Com a chave em mãos e os bolsos recheados de documentos reveladores, Hélvio empurrou o portão corroído. O cheiro de cinzas antigas ainda pairava no ar. Mas algo ali estava errado: marcas recentes de pegadas na poeira, restos de vela derretida e uma câmera de segurança desligada, mas ainda presa no alto de uma pilastra.
No fundo do prédio, entre estantes retorcidas pelo fogo, uma sala de concreto resistia intacta. A chave girou outra vez, como se sempre tivesse sido dela. Ao abrir, o detetive deu de cara com um cofre lacrado, uma máquina de escrever, e dezenas de fitas de rolo armazenadas com nomes já conhecidos: Agenor, Gadelha, Vidal e Hélvio.

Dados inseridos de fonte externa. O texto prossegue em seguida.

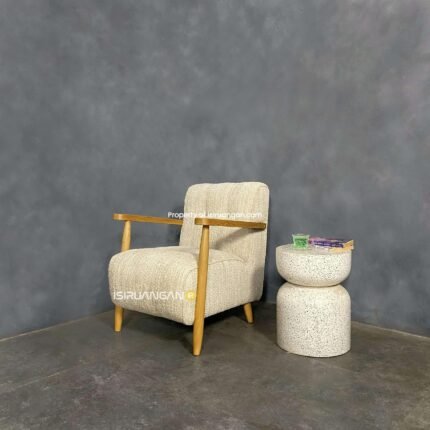 Lounge Chair Flowy Minimalis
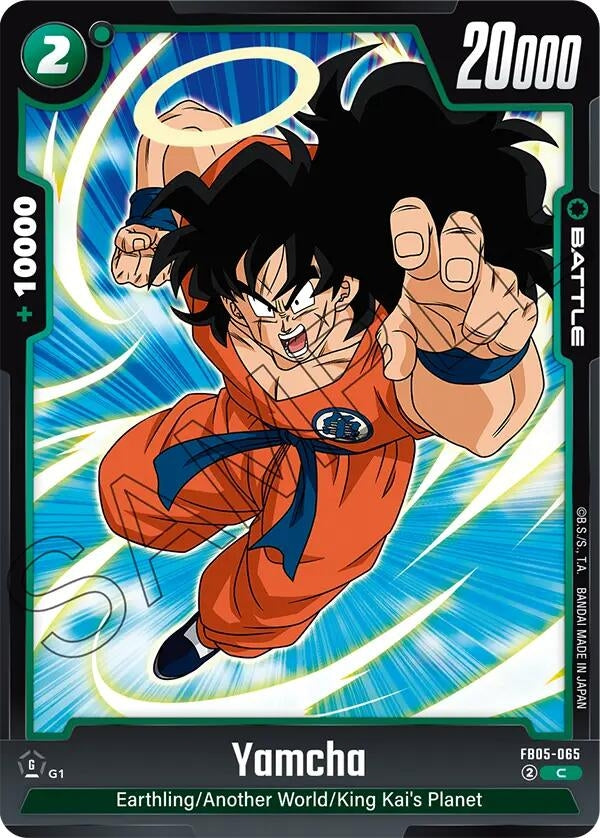 Image for Yamcha (New Adventure) (FB05-065) - Dragon Ball Super: Fusion World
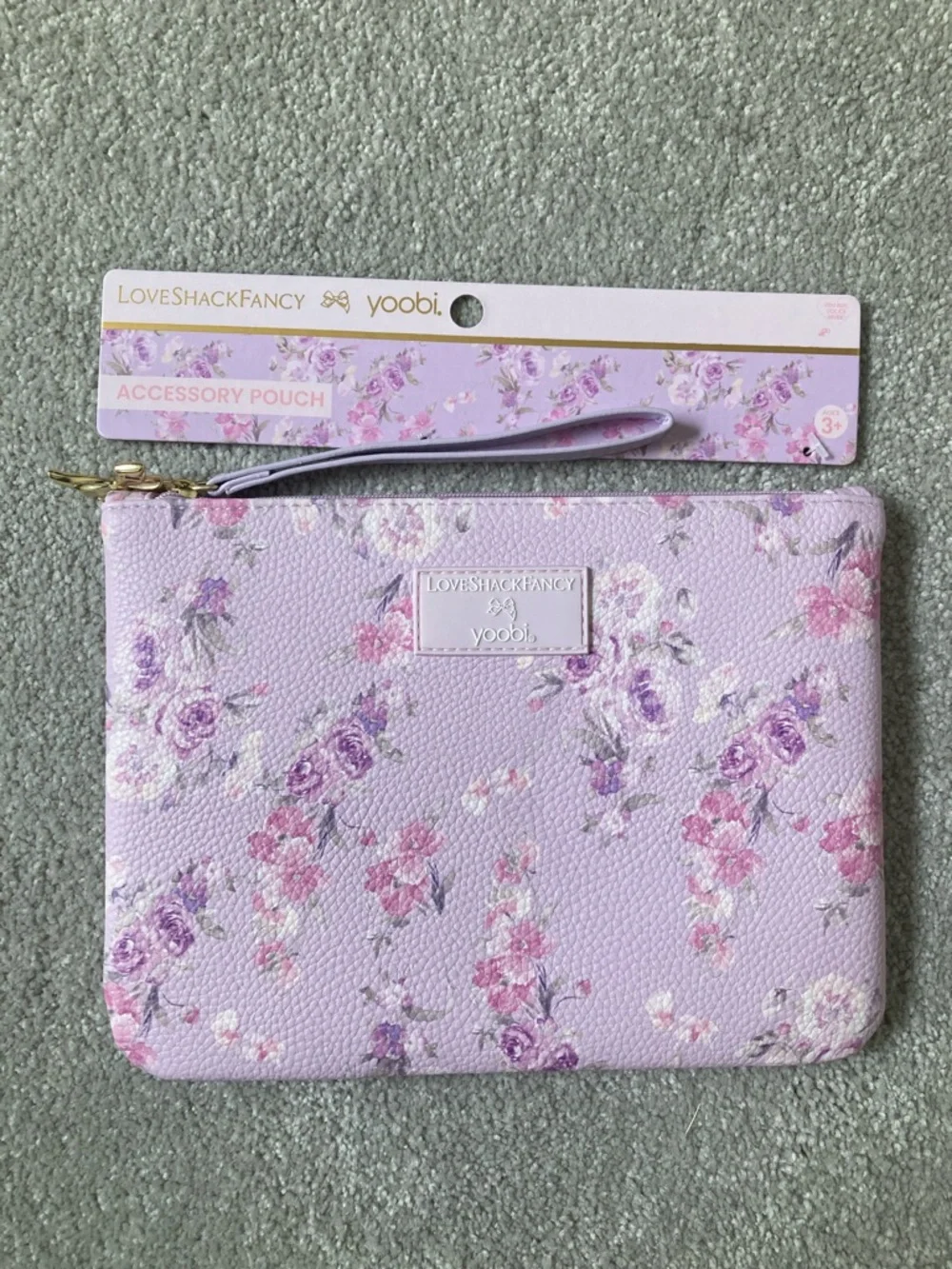 IN-HAND | LoveShackFancy x Target Yoobi Happy Thoughts Pencil Case with Strap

Sim. O nome dele também estava lá.
Rebobinou uma das fitas. A voz era familiar. A de Agenor.
"Se ele chegou até aqui, é porque escolheu saber. E isso significa que está pronto para pagar o preço. Hélvio, isso não é só uma investigação. É a continuação de algo que você começou... sem lembrar."
As imagens de um menino, um incêndio, e um chapéu de feltro caído no chão começaram a vir à tona em sua mente. Era ele. Na infância. Naquela mesma noite de 1992.
O arquivo não havia sido incendiado por acaso. Fora para protegê-lo.
Na saída, uma nova carta o esperava no para-brisa do carro. Sem assinatura.
"Agora você tem a chave. A cidade precisa da porta aberta."
Ele acendeu um cigarro, respirou fundo e olhou para trás uma última vez.
Sabia que aquilo não era o fim. Era o começo.